Concepts

Ways to use simsopt

Simsopt is a collection of classes and functions that can be used in several ways. One application is to solve optimization problems involving stellarators, similar to STELLOPT. You could also define an objective function using simsopt, but use an optimization library outside simsopt to solve it. Or, you could use the simsopt optimization infrastructure to optimize your own objects, which may or may not have any connection to stellarators. Alternatively, you can use the stellarator-related objects in a script for some purpose other than optimization, such as plotting how some code output varies as an input parameter changes, or evaluating the finite-difference gradient of some code outputs. Or, you can manipulate the objects interactively, at the python command line or in a Jupyter notebook.

Input files

Simsopt does not use input data files to define optimization problems, in contrast to STELLOPT. Rather, problems are specified using a python driver script, in which objects are defined and configured. However, objects related to specific physics codes may use their own input files. In particular, a simsopt.mhd.vmec.Vmec object can be initialized using a standard VMEC input.* input file, and a simsopt.mhd.spec.Spec object can be initialized using a standard SPEC *.sp input file.

Optimization

To do optimization using simsopt, there are four basic steps:

  1. Create some objects that will participate in the optimization.
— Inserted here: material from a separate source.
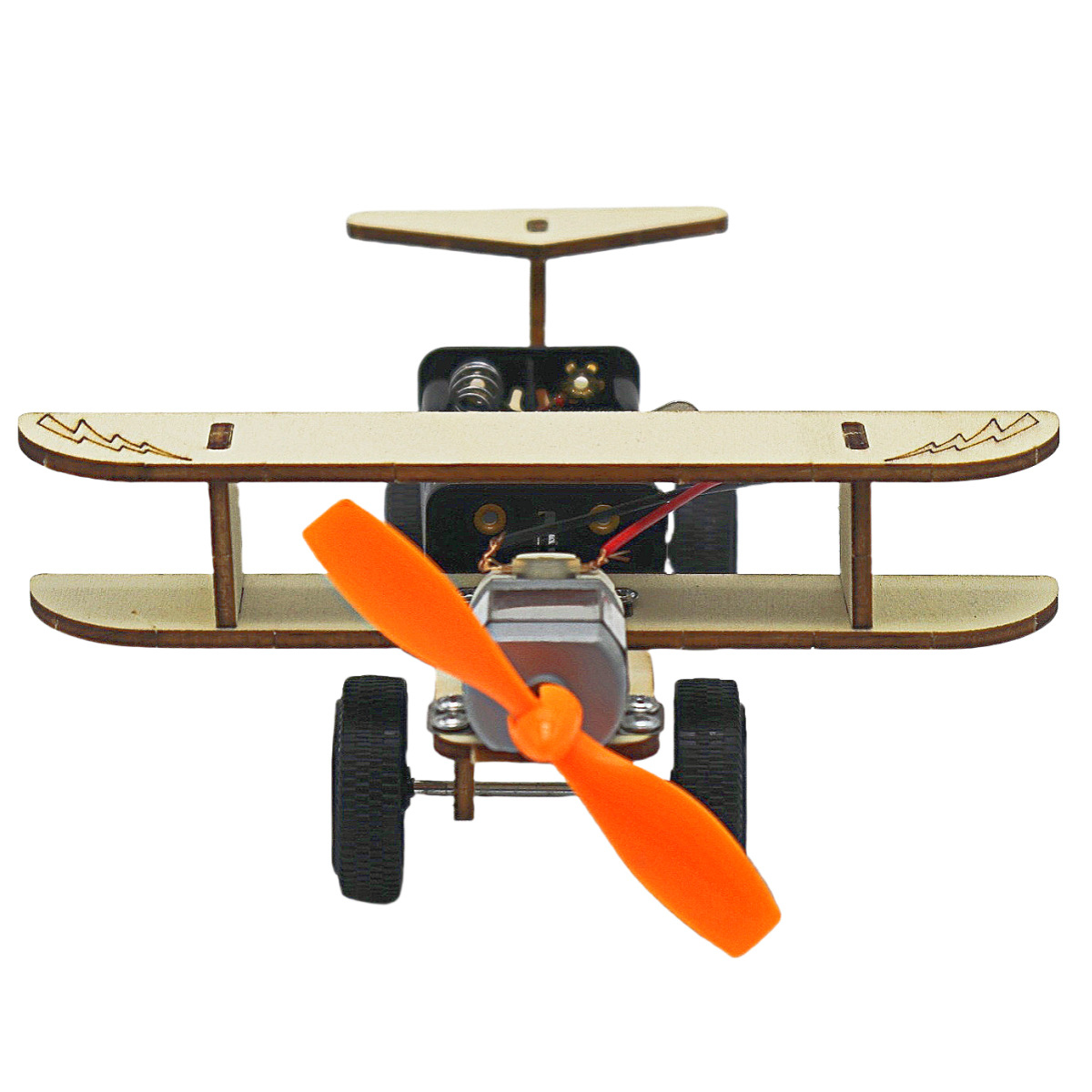 MAINAN DIY ROBOT EDUKASI RAKIT PUZZLE KAYU DESAIN MEKANIKAL KIT PROTOTIPE - PESAWAT 4 RODA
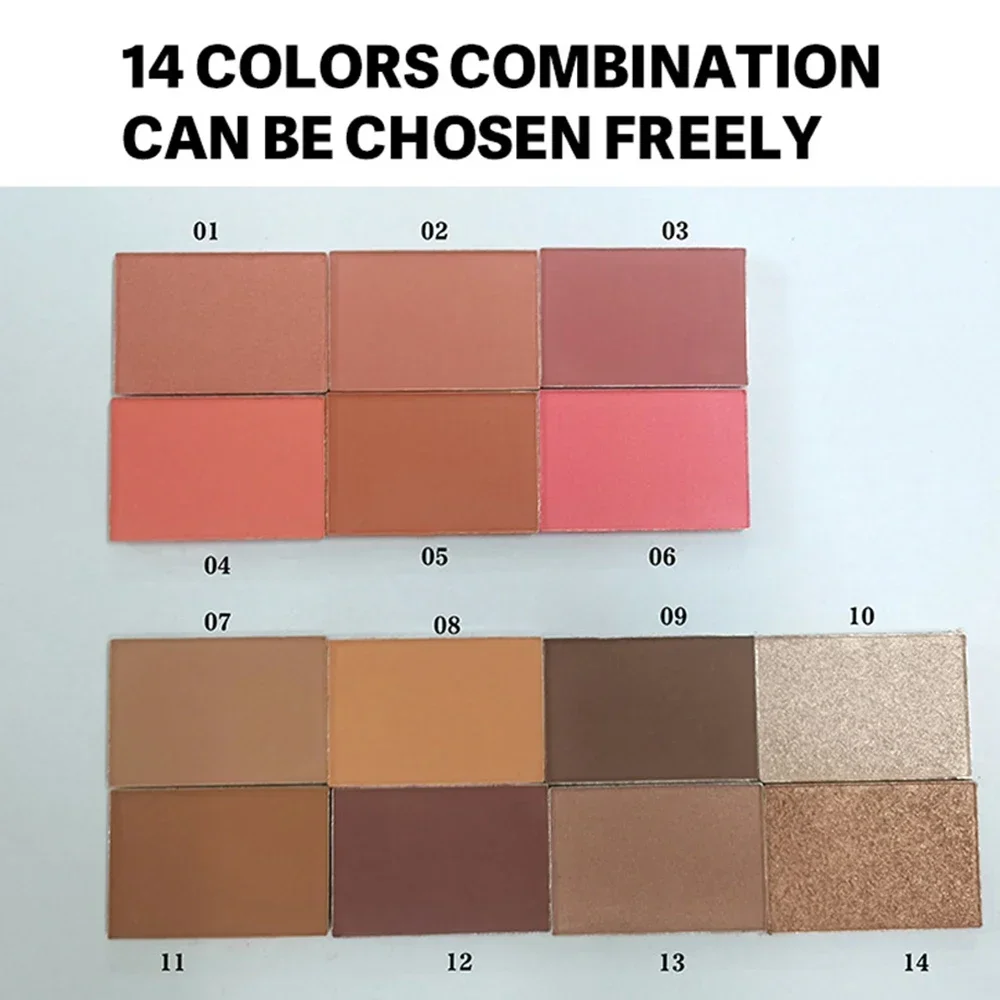 14-color Private Label 12g DIY Free Combination Contouring Powder Custom Bulk Shadow Highlight Blush Pallet Silhouette Makeup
  2. Define the independent variables for the optimization, by choosing which degrees of freedom of the objects are free vs fixed.

  3. Define an objective function.

  4. Solve the optimization problem that has been defined.

This pattern is evident in the examples in this documentation and in the examples directory of the repository.

Some typical objects are a MHD equilibrium represented by the VMEC or SPEC code, or some electromagnetic coils. To define objective functions, a variety of additional objects can be defined that depend on the MHD equilibrium or coils, such as a simsopt.mhd.boozer.Boozer object for Boozer-coordinate transformation, a simsopt.mhd.spec.Residue object to represent Greene’s residue of a magnetic island, or a simsopt.geo.objectives.LpCurveCurvature penalty on coil curvature.

More details about setting degrees of freedom and defining objective functions can be found on the Defining optimization problems page.

For the solution step, two functions are provided presently, simsopt.solve.serial.least_squares_serial_solve() and simsopt.solve.mpi.least_squares_mpi_solve(). The first is simpler, while the second allows MPI-parallelized finite differences to be used in the optimization.

MPI Partitions and worker groups

To use MPI parallelization with simsopt, you must install the mpi4py package.

MPI simsopt programs can generally be launched using mpirun or mpiexec, e.g.

mpiexec -n 32 ./name_of_your_python_driver_script

where 32 can be replaced by the number of processors you want to use. There may be specific instructions to run MPI programs on your HPC system, so consult the documentation for your system.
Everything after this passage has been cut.